XPS 15: how I set up dual boot, GPU switching and multitouch gestures on Ubuntu - Phait
https://www.reddit.com/r/Dell/comments/60a907/xps_15_9560_from_the_box_to_productivity_how_i/
======
jaimex2
Few things I would do differently, granted I've never struggled to the level
the author has latest Linux Mint and a new XPS 15.

1\. Always wipe the disk/trash all partitions and install Windows 10 fresh
after you rip out the keys. OEMs ship crapware city with some nasty nasty
things sometimes.
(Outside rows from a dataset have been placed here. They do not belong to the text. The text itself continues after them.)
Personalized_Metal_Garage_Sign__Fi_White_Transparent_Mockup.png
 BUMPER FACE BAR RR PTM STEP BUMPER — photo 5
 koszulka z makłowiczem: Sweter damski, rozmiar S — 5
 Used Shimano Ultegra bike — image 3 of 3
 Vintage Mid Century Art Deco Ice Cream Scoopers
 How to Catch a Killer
You will also get back a decent amount of extra GBs from
recovery partitons.

2\. Linux distros all come with Gparted, use it for resizing.

3\. The nVidia drivers are ready to go in additional drivers, don't know why
he was installing ppas ( picked wrong release? )
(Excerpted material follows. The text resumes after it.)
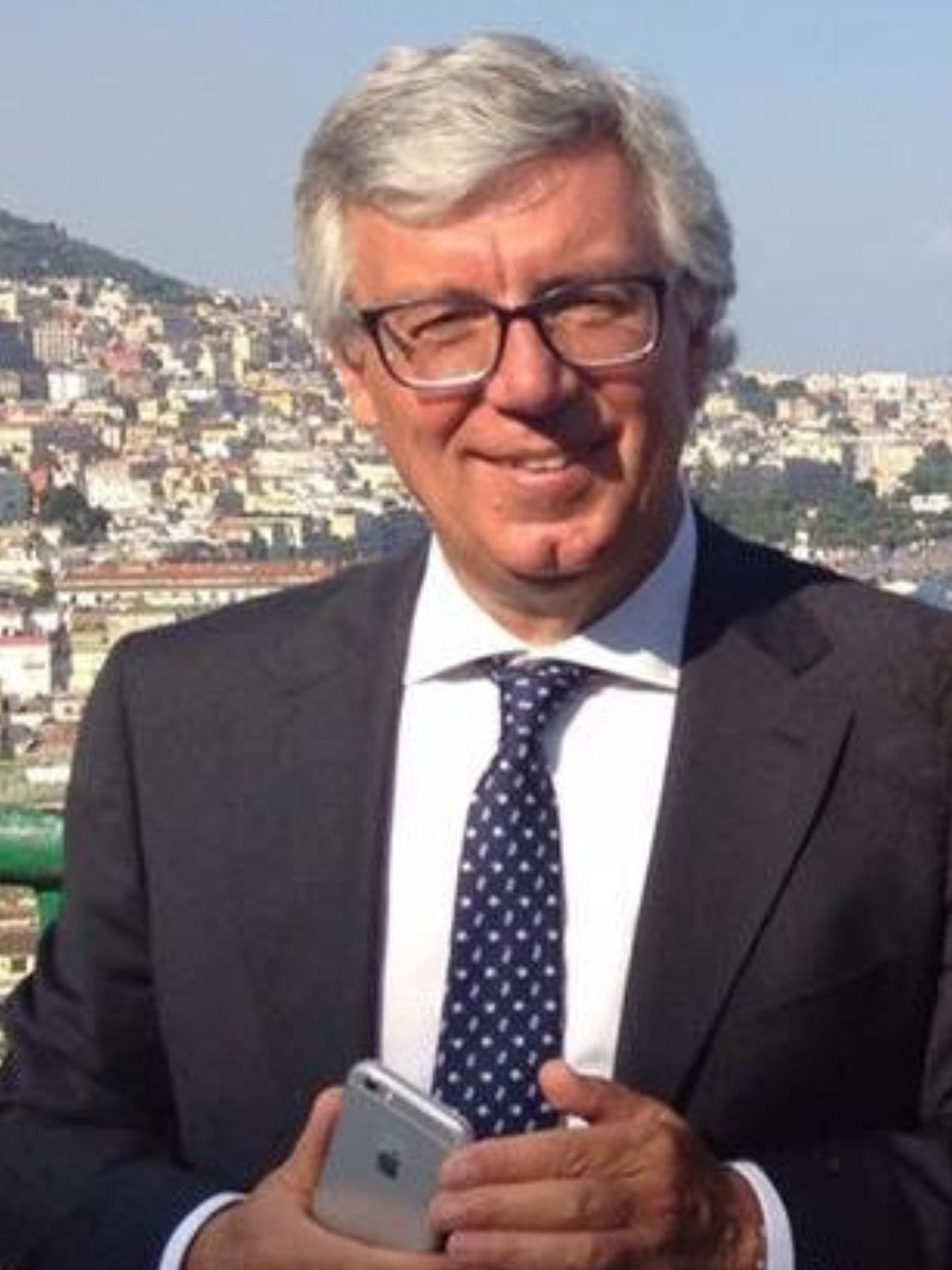 Paolo SIani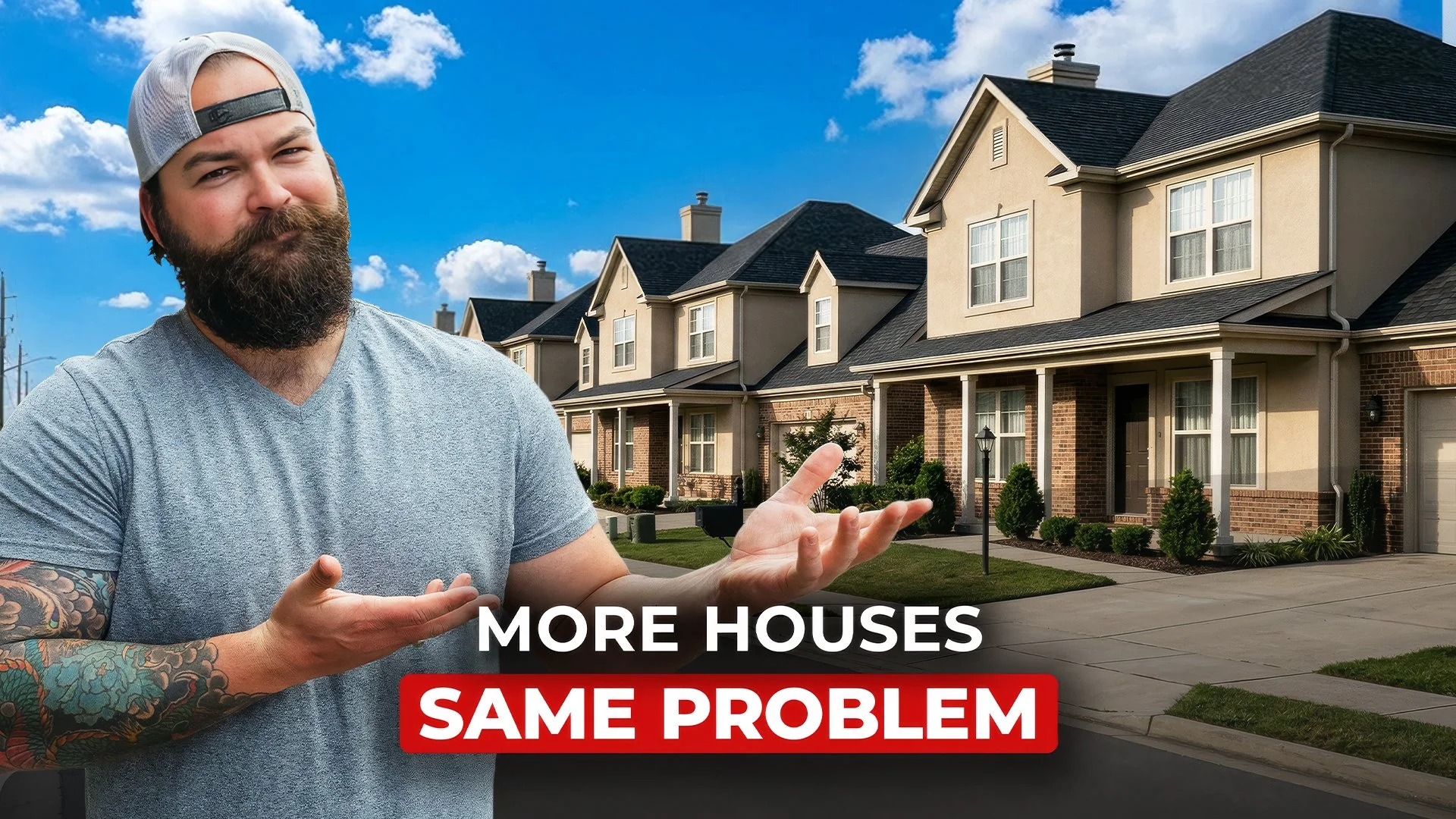 Tyler Cauble youtube thumbnail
As a golden rule if you have brand spanking new hardware and things are not
working, upgrading your kernel to bleeding latest will usually solve things. (
60% of the time it works evertime! But no seriously, you may need to roll up
your sleeves and compile RCs with custom patches )
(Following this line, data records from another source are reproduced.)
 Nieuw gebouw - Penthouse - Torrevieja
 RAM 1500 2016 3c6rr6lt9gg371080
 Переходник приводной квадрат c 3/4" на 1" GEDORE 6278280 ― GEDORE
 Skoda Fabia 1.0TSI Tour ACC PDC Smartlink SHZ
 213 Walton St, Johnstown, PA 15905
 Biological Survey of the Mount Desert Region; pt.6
4\. OSX like gestures work out of the box very nicely on Cinnamon. It's a
shame he couldn't get it going, might be worth spending a little more effort
on getting it running. Forcing it or xorg to reconfigure might work if
something screwed up with the driver switching?

------
darreld
Great timing for this as I just removed my XPS 15 from the box not 30 minutes
or so ago. I still haven't decided if I'll dual-boot Linux or use VMWare.